EXERCISE
Write out, from the entries below, exactly the lines that run between the lines holding "Expansive concrete flooring, white" and "Elegant woman posing", inclusive, and stop there.

[Scraped caption text data]

• • • • •

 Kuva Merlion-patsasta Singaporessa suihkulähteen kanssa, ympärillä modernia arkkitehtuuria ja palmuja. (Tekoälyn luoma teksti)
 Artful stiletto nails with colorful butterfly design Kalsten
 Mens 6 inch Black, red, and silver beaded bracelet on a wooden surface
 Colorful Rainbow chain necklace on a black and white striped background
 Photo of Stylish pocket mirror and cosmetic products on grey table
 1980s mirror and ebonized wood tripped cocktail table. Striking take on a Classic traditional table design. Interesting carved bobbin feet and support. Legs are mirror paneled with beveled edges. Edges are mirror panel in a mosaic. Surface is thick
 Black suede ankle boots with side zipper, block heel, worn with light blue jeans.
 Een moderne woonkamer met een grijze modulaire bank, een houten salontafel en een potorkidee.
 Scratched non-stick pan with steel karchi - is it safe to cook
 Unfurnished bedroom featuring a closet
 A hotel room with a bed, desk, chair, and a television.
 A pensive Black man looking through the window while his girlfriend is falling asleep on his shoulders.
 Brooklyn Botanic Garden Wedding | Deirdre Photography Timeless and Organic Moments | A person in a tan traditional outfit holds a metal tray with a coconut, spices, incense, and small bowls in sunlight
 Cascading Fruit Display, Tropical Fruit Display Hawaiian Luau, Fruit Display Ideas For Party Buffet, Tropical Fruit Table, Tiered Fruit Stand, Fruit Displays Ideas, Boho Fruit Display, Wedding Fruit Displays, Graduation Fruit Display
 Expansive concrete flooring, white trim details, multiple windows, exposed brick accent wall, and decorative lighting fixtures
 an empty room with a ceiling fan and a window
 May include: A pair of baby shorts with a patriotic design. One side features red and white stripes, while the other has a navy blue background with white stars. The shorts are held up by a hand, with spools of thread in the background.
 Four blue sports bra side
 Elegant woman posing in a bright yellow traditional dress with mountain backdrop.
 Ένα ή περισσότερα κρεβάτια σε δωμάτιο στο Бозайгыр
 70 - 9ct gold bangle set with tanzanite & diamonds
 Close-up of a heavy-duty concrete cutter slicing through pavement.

• • • • •

REPLY
 Expansive concrete flooring, white trim details, multiple windows, exposed brick accent wall, and decorative lighting fixtures
 an empty room with a ceiling fan and a window
 May include: A pair of baby shorts with a patriotic design. One side features red and white stripes, while the other has a navy blue background with white stars. The shorts are held up by a hand, with spools of thread in the background.
 Four blue sports bra side
 Elegant woman posing in a bright yellow traditional dress with mountain backdrop.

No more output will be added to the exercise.